I remember when I opened my CBZ account. It wasn’t the best of experiences, I was frustrated to the point of almost choosing another bank. That all changed when I opened the CBZ Touch app.
I burst out laughing. I couldn’t believe my eyes. ‘Good one Cibby,’ I thought. I needed the comic relief.
The app was just hideous, there’s no sugarcoating it. That it was the official app of the largest bank in the country was mind boggling to me.
The fact that it was the most popular banking app infuriated me. The initial impression of banking apps for most Zimbabweans was going to be this monstrosity. What a way to lower the bar.
For those that never saw it, I’m sorry but my apps auto update, so I no longer have screenshots but below is a tweet I sent out.
To this day I don’t know how the developers got the decision makers to sign off on that design. The icons seem to have been drawn by a toddler, probably the CTO’s son. Maybe that’s how it got the green light.
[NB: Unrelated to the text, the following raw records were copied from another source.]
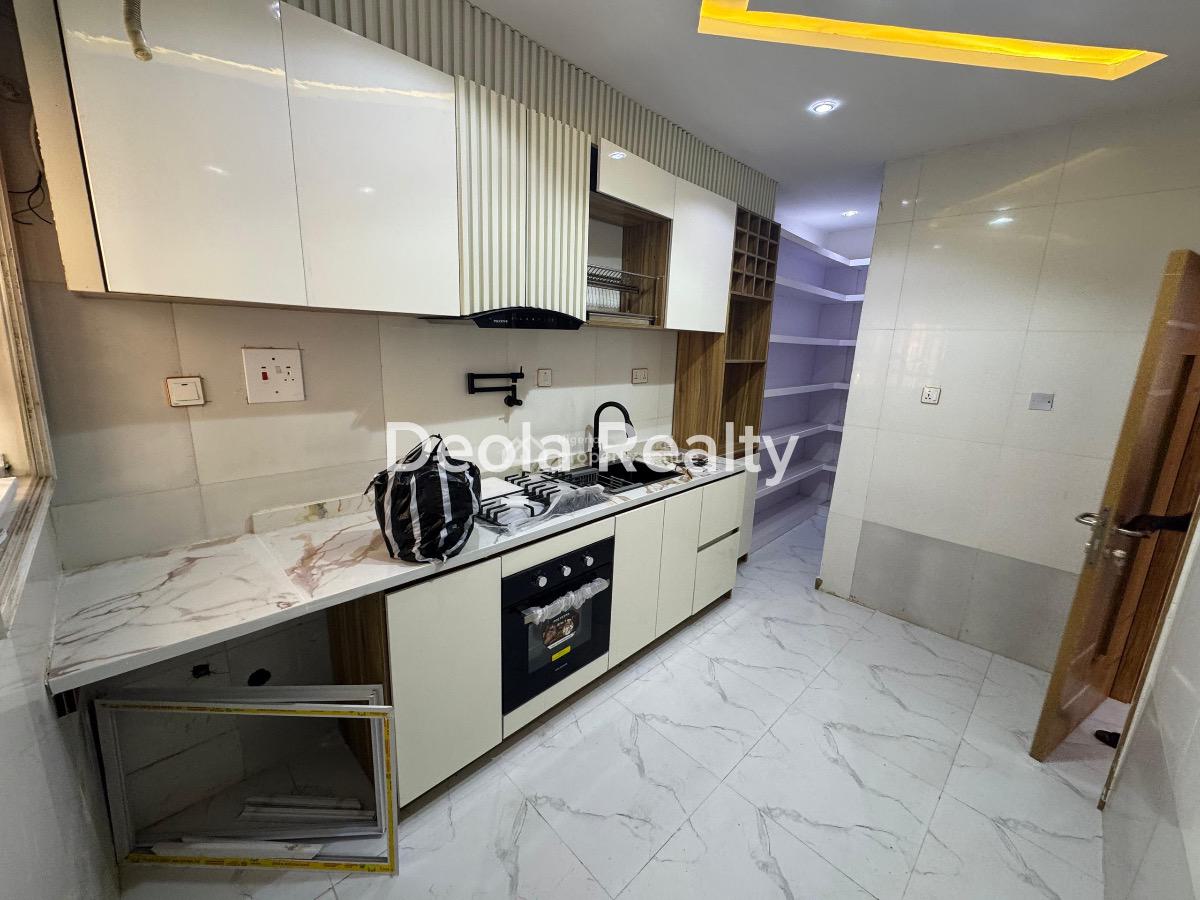 a Super Clean and Serviced 3 Bedrooms Apartment with Bq, Osborne Foreshore Estate, Osborne, Ikoyi, Lagos, Flat / Apartment for Rent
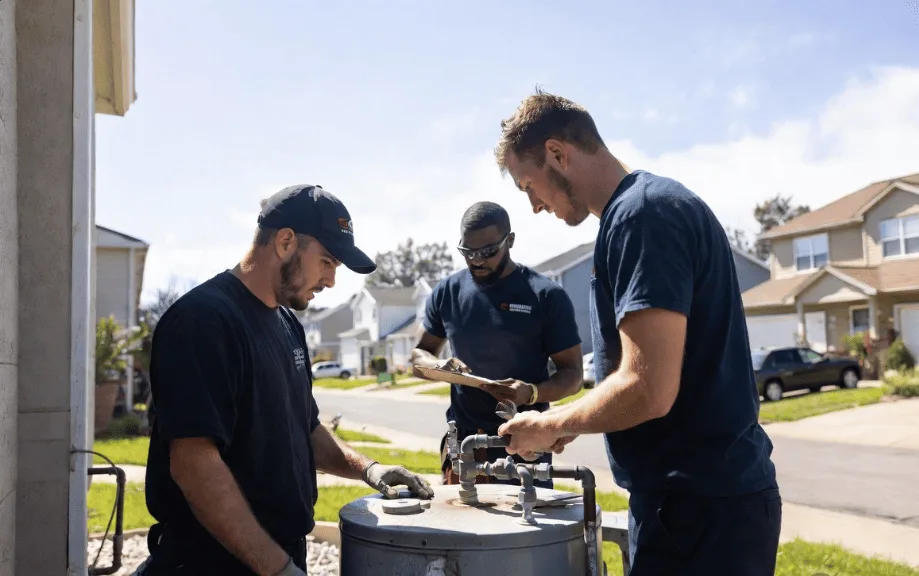 Water Heater Repair in Odon, IN near me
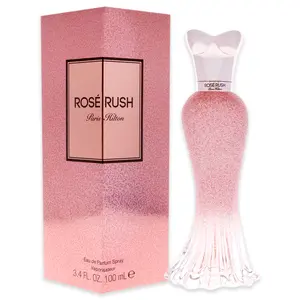 Rose Rush by Paris Hilton for Women - 3.4 oz EDP Spray Rose Rush by Paris Hilton for Women - 3.4 oz EDP Spray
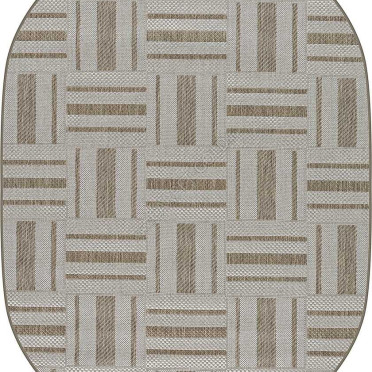 Ковер белорусский SZ5332B2O-34 циновка (Полипропилен, бежевый)
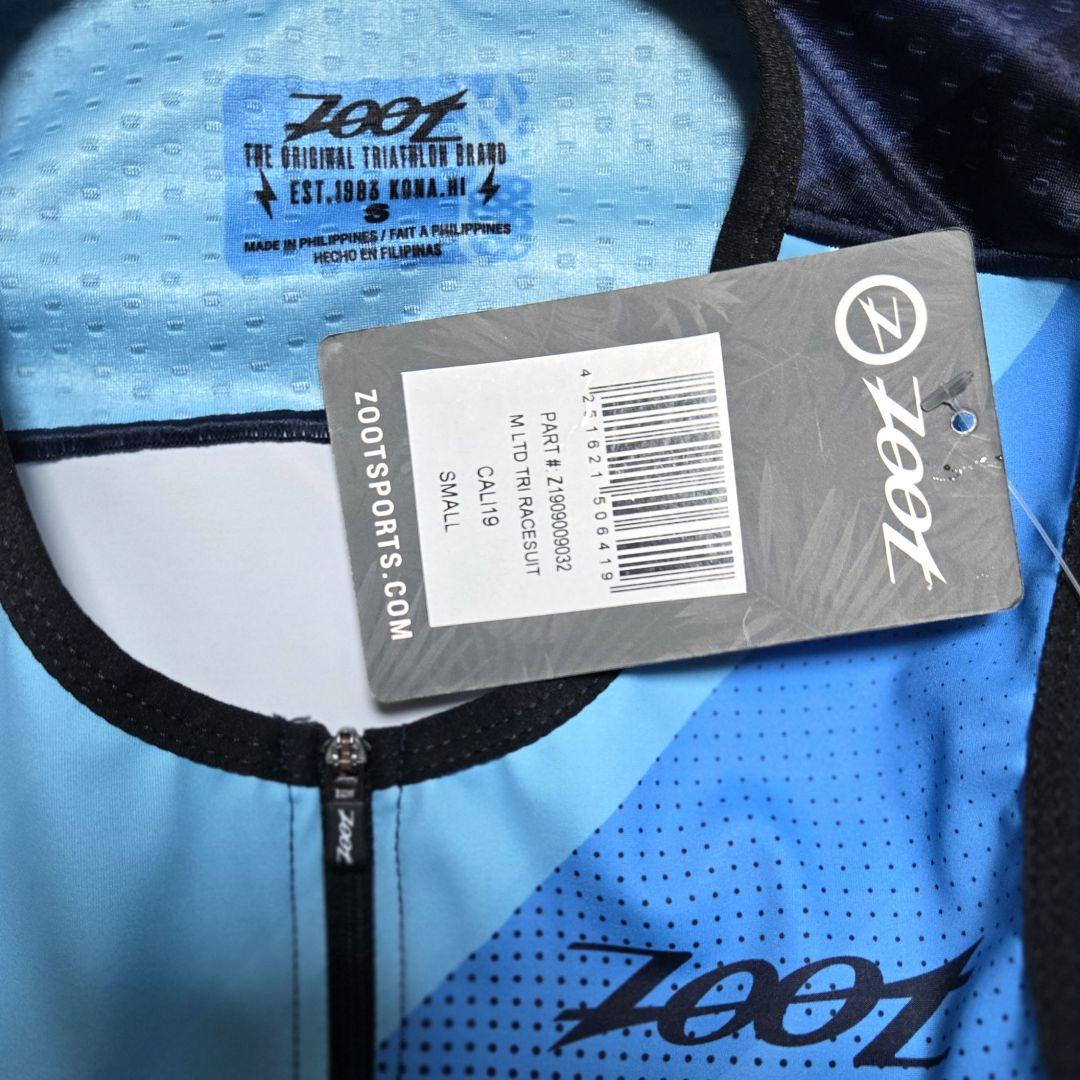 【新品】ZOOT トライスーツ Sサイズ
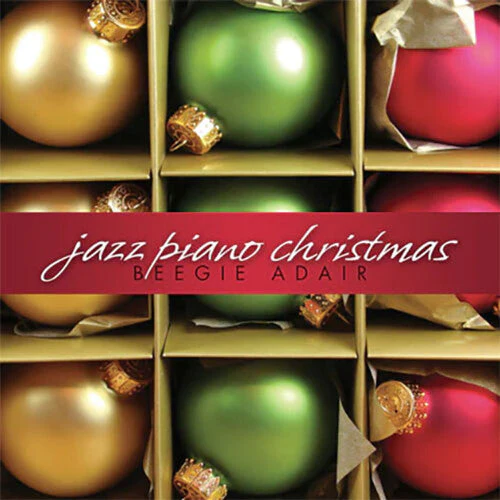 Beegie Adair - Jazz Piano Christmas LP NEW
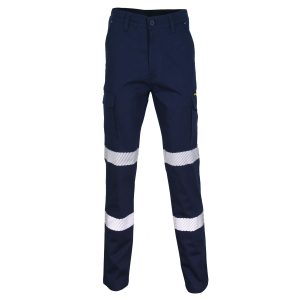DNC Workwear - DNC-3369 - SlimFlex Bio-Motion Segment Taped Cargo Pants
The overall design screams, ‘bare minimum.’
After I tweeted the above, they replied, ‘Worry not Learnhard, watch the space.’ I watched that space for one year and six months. Now I finally have something to report.
The new design is better, not great
If the directive given to the developer’s was to improve the design, that was no directive at all. There was no way to go but up. So, of course, the new design is better than the old one. See for yourself.
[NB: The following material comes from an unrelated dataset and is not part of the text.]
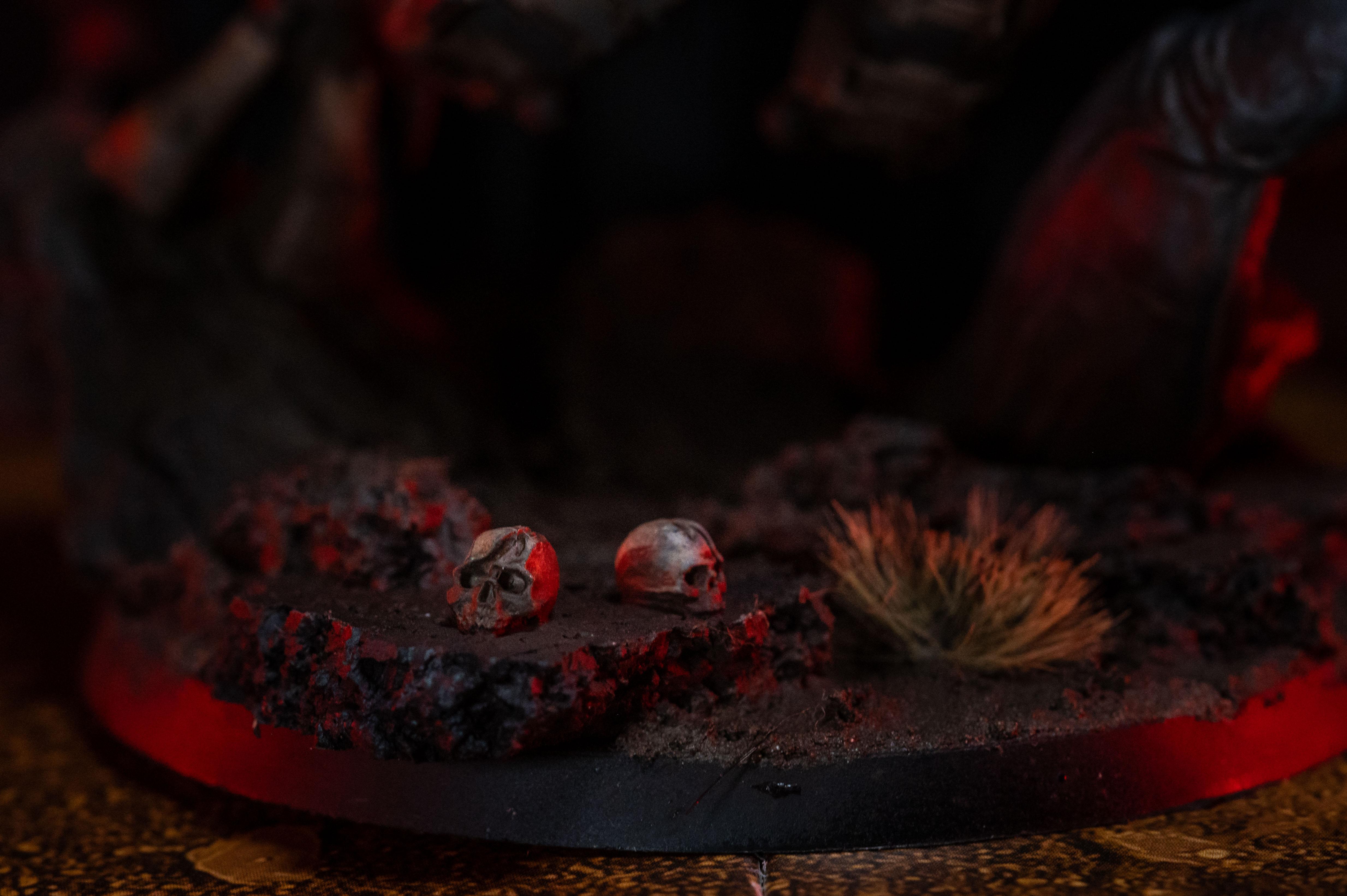 Battle Damage, Battle Worn, Commander, Grimdark, Object Source Lighting, T'au, Tau, Vior'la, Viorla, Weathered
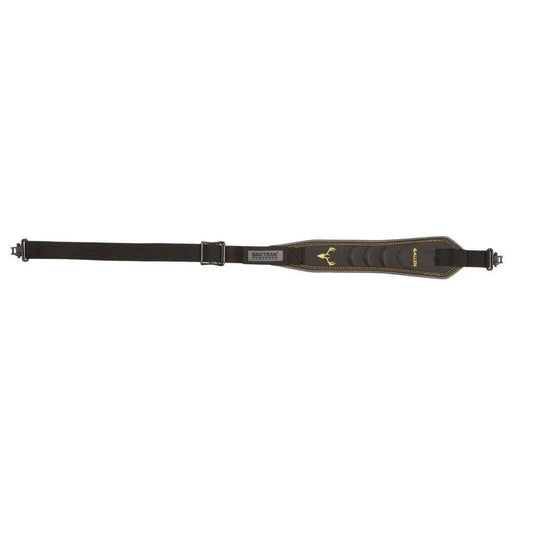 Allen | Boulder BakTrak 2-Point Rifle and Shotgun Sling | Black/Yellow - Gun Slings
Turns out whilst I watched the CBZ space, NMB further improved their app. You can clearly see how the NMB design is just better, objectively.
The icons on Cibby’s offering look a little cartoonish. They also went overboard with the colours, the rainbow seems disjointed and jarring.
Contrast with the icons on the National Mattress Bank one and the difference is night and day. Here the icons were designed to work together with the same colour pallette. It just looks cohesive.
Further, I think the grid on the NMB app works better than the vertical alignment on Cibby’s. They could both chip away at the massive foreheads (headers) their apps have, with Cibby’s much too big.
Does all this even matter if the app works?
Yes, absolutely. Design matters. Both for physical items and software.
Humans are drawn to beautiful things. A beautiful face can mask a multitude of imperfections. Humans are just wired that way.
An ugly user interface conjures up images of incompetence, apathy and unlikeability.
If someone stepped on your shoes, your reaction is totally dependent on what they look like. If it’s an attractive person, truth is you are more likely to apologies yourself than throw a fit.
Same goes for UI design. If some feature does not work or an app crashes, you are more forgiving when it’s a beautifully designed program. You assume something went wrong, not that the program just doesn’t work. Which is what you assume when low level of care is betrayed by bad design.
The perception people have of a brand is important to it’s success. We see how Apple has leveraged good design into higher brand loyalty which in turn leads to higher margins.
Zimbabwean companies have to start taking UI design seriously. I’m glad CBZ has improved their offering and should continue improving it.